- _WHAT IS NEEDED_
Pictures stay out of the copy. Retype exactly the lines below from the one with "BRAND NEW JUST" through the one with "Помещение в ЖК".

- _THE DATA_
----------
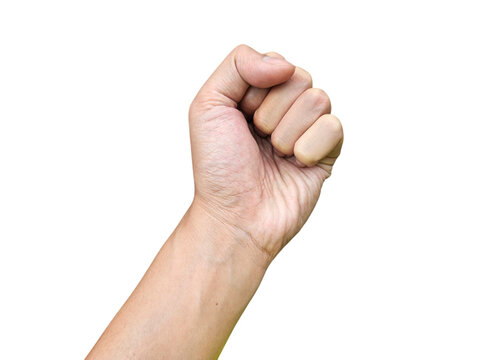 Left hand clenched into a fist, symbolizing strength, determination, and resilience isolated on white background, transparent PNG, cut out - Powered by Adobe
----------
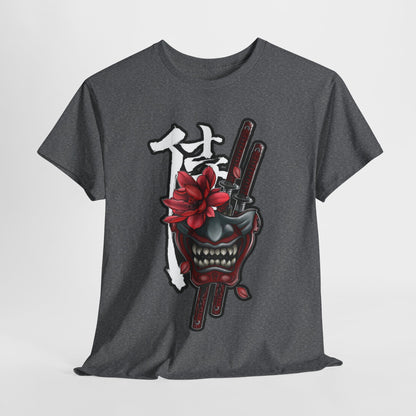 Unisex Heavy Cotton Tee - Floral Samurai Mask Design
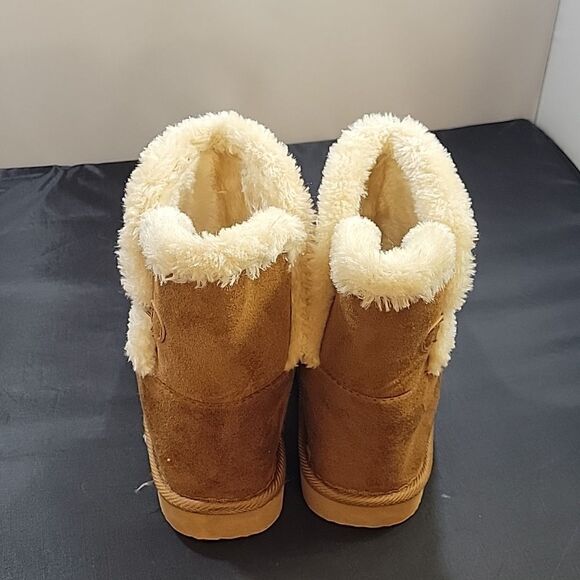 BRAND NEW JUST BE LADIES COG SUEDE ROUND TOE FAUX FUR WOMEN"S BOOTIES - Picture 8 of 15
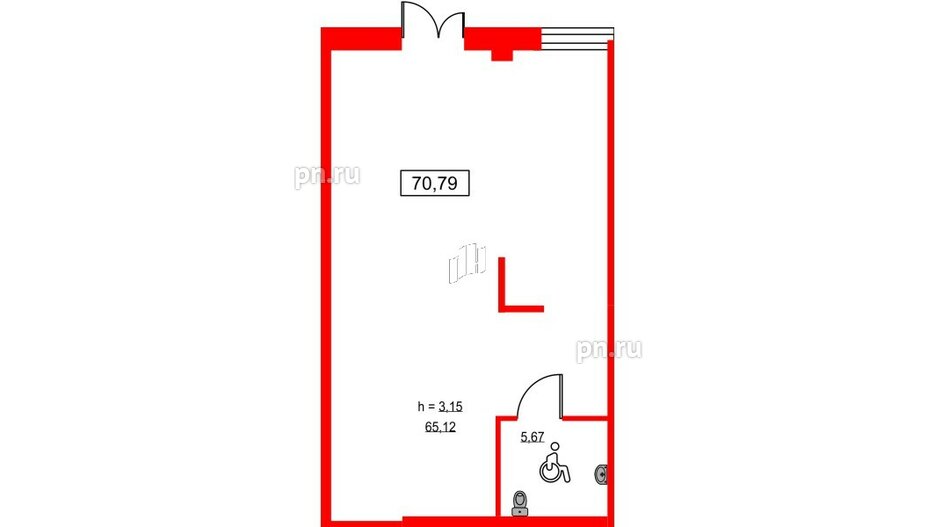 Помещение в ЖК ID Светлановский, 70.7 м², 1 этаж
----------
- _SOLVED PROBLEM_
 BRAND NEW JUST BE LADIES COG SUEDE ROUND TOE FAUX FUR WOMEN"S BOOTIES - Picture 8 of 15
 Помещение в ЖК ID Светлановский, 70.7 м², 1 этаж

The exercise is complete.